Hier wird sehr anschaulich eine der grössten Herausforderungen des 21. Jahrhunderts im Westen beschrieben – die Betäubung durch die endlosen Angebote der virtuellen Welt. “Ein stimmiger Gefühlshaushalt ist das Gütekriterium ersten Ranges. Was ist aber, wenn sich andere Ereignisse dazu schieben? Dann gilt es diese zu verdrängen, sie zu vermeiden und bei Auftauchen zu betäuben.” So habe ich es anlässlich einer Konferenzausschreibung zusammengefasst.
Die mir anfangs noch sanft vorkommende Animation der Sanduhr, die ankündigte, dass meine Zeit aufgebraucht war, verwandelte sich in einen Albtraum. Bald dankte ich ihr nicht mehr für ihre Regulation, sondern dachte mir wüste Schimpfnamen für sie aus. Denn sie unterbrach mich täglich, immer in der zwölften Minute, und jedes Mal mit einem peinigenden Cliffhanger. Diese brutale Unterbrechung vermittelte mir untergründig die Botschaft, dass ich stets etwas verpasste. Wie ging der Prank weiter? Was waren die anderen technischen Neuerungen der Smartwatch, die der YouTuber im weiteren Verlauf des Videos vorstellen würde? Und warum hatten sich diese Influencer getrennt? Unbefriedigt und frustriert blickte ich jeweils auf den herunterkullernden Sand der mahnenden Uhr, dessen Animation geradesogut für ein Bild meiner schwindenden Nerven hingehalten hätte.
Ich empfehle dazu passend das Interview mit dem Seelsorger Beat Tanner (ab Minute 8 legitime Bedürfnisse zu einem falschen Götzen machen; der Unterschied zwischen Herz und Frucht).
Einige Kreisläufe habe ich mit dem Modell “Das Streben nach der falschen Freude” zu beschreiben versucht. Etliche Male war ich zudem mit dem Argument konfrontiert: Gott hat sich mir nicht gezeigt – also will ich Spass. Auch hier zeigt sich der starke Drang nach der Befriedigung unserer Ansprüche.
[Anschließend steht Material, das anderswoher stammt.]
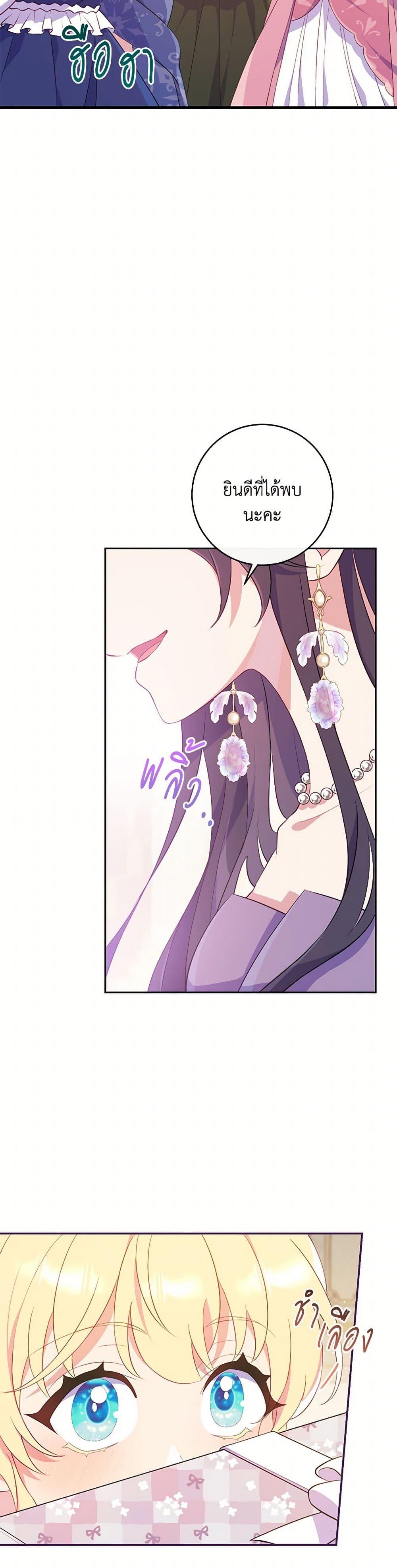 Manga-lc-com อ่านมังงะ อ่านการ์ตูน ออนไลน์ ฟรี I Became a Childhood Friend of the Obsessive Sub Male Lead ตอนที่ 1 2 3 4 5 6 7 8 9 10 11 12 13 14 ฟรี ไม่มีโฆษณา Manga-lc - อ่าน มังงะ อ่าน การ์ตูน ออนไลน์ อ่านมังงะ ฟรี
Dem Problem meiner Online-Sucht lediglich mit Bildschirmzeitlimits entgegenzutreten, greift also zu wenig weit. Um wirkliche Wurzelbekämpfung dieser Gewohnheit zu betätigen, muss der Sanduhr also erstmals gekündigt werden. Wer soll als nächstes angestellt werden?
Ben Sasse schlägt vor (und ich füge hinzu: Ausgehend von einer innerlichen Neuorientierung):
Vorschlag #1: Fliehe der Gleichaltrigen-Orientierung – zurück zu einem generations-durchmischten Leben.
Vorschlag #2: Ermögliche, ja fördere harte Arbeit. Das Kind wächst am Widerstand durch Hindernisse.
Vorschlag #3: Fahre den Konsum zurück. Er schafft keine Zufriedenheit, sondern führt in den Sumpf.
Vorschlag #4: Gehe in andere Kulturkreise – nicht als Tourist, sondern um mitanzupacken.
Vorschlag #5: (nicht nur für Amis) Schäme dich nicht für deine nationalen Wurzeln. Scheue den Wettbewerb der Ideen nicht.